Re: EBLOCKLISTED error after rbd map was interrupted by fatal signal

Ilya Dryomov <idryomov@xxxxxxxxx> · Wed, 22 Feb 2023 14:38:24 +0100

On Wed, Feb 22, 2023 at 1:17 PM Aleksandr Mikhalitsyn
<aleksandr.mikhalitsyn@xxxxxxxxxxxxx> wrote:
>
> Hi folks,
>
> Recently we've met a problem [1] with the kernel ceph client/rbd.
>
> Writing to /sys/bus/rbd/add_single_major in some cases can take a lot
> of time, so on the userspace side
> we had a timeout and sent a fatal signal to the rbd map process to
> interrupt the process.
> And this working perfectly well, but then it's impossible to perform
> rbd map again cause we are always getting EBLOCKLISTED error.

Hi Aleksandr,

I'm not sure if there is a causal relationship between "rbd map"
getting sent a fatal signal by LXC and these EBLOCKLISTED errors.  Are
you saying that that was confirmed to be the root cause, meaning that
no such errors were observed after [1] got merged?

>
> We've done some brief analysis of the kernel side.
>
> Kernelside call stack:
> sysfs_write [/sys/bus/rbd/add_single_major]
> add_single_major_store
> do_rbd_add
> rbd_add_acquire_lock
> rbd_acquire_lock
> rbd_try_acquire_lock <- EBLOCKLISTED comes from there for 2nd and
> further attempts
>
> Most probably the place at which it was interrupted by a signal:
> static int rbd_add_acquire_lock(struct rbd_device *rbd_dev)
> {
> ...
>
>         rbd_assert(!rbd_is_lock_owner(rbd_dev));
>         queue_delayed_work(rbd_dev->task_wq, &rbd_dev->lock_dwork, 0);
>         ret = wait_for_completion_killable_timeout(&rbd_dev->acquire_wait,
>         ceph_timeout_jiffies(rbd_dev->opts->lock_timeout)); <=== signal arrives
>
> As far as I understand, we had been receiving the EBLOCKLISTED errno
> because ceph_monc_blocklist_add()
> sent the "osd blocklist add" command to the ceph monitor successfully.

RBD doesn't use ceph_monc_blocklist_add() to blocklist itself.  It's
there to blocklist some _other_ RBD client that happens to be holding
the lock and isn't responding to this RBD client's requests to release
it.

> We had removed the client from blocklist [2].

This is very dangerous and generally shouldn't ever be done.
Blocklisting is Ceph's term for fencing.  Manually lifting the fence
without fully understanding what is going on in the system is a fast
ticket to data corruption.

I see that [2] does say "Doing this may put data integrity at risk" but
not nearly as strong as it should.  Also, it's for CephFS, not RBD.

> But we still weren't able to perform the rbd map.
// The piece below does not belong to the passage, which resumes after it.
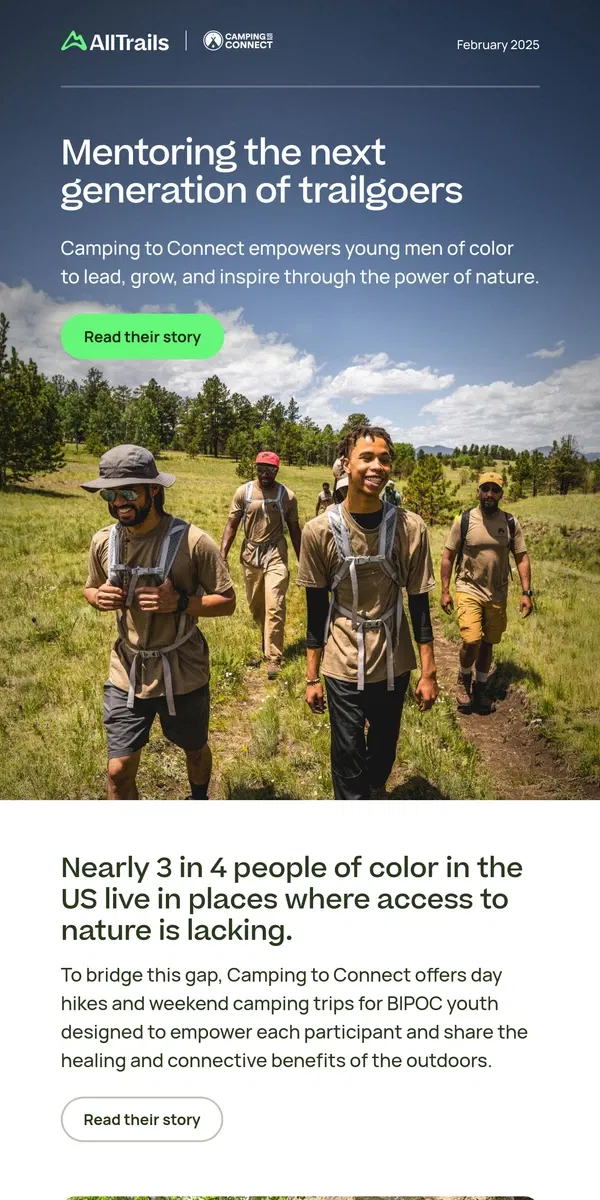 Email from AllTrails. Meet the group empowering young Black men outdoors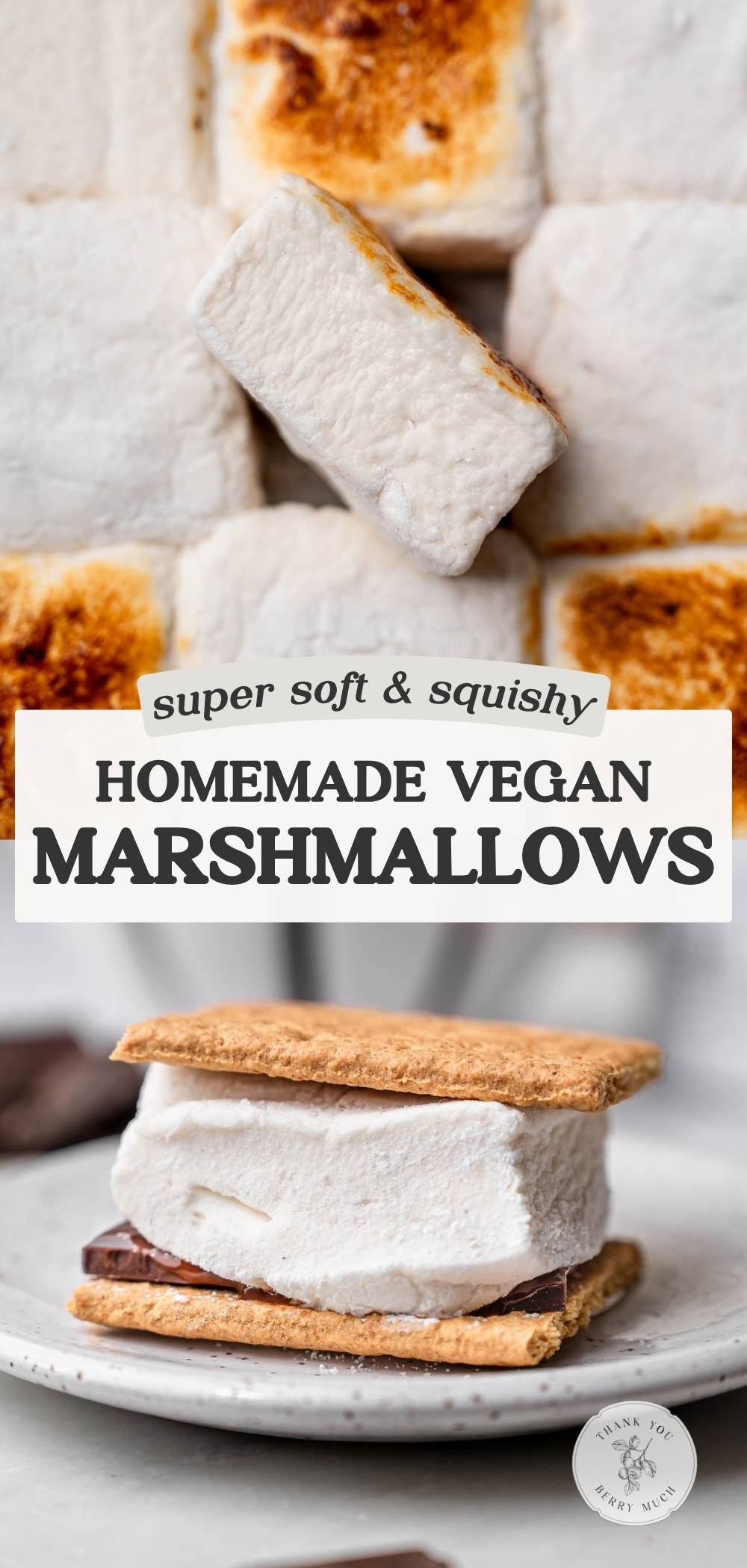 Homemade vegan marshmallow Pinterest pin with toasted marshmallow squares at the top and a s’more made with a thick vegan marshmallow, chocolate, and graham crackers at the bottom. Text reads “super soft & squishy homemade vegan marshmallows.”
It looks like some
> extra state is saved on the kernel client side and blocks us.

By default, all RBD mappings on the node share the same "RBD client"
instance.  Once it's blocklisted, all existing mappings mappings are
affected.  Unfortunately, new mappings don't check for that and just
attempt to reuse that instance as usual.

This sharing can be disabled by passing "-o noshare" to "rbd map" but
I would recommend cleaning up existing mappings instead.

Thanks,

                Ilya

>
> What do you think about it?
>
> Links:
> [1] https://github.com/lxc/lxd/pull/11213
> [2] https://docs.ceph.com/en/quincy/cephfs/eviction/#advanced-un-blocklisting-a-client
>
> Kind regards,
> Alex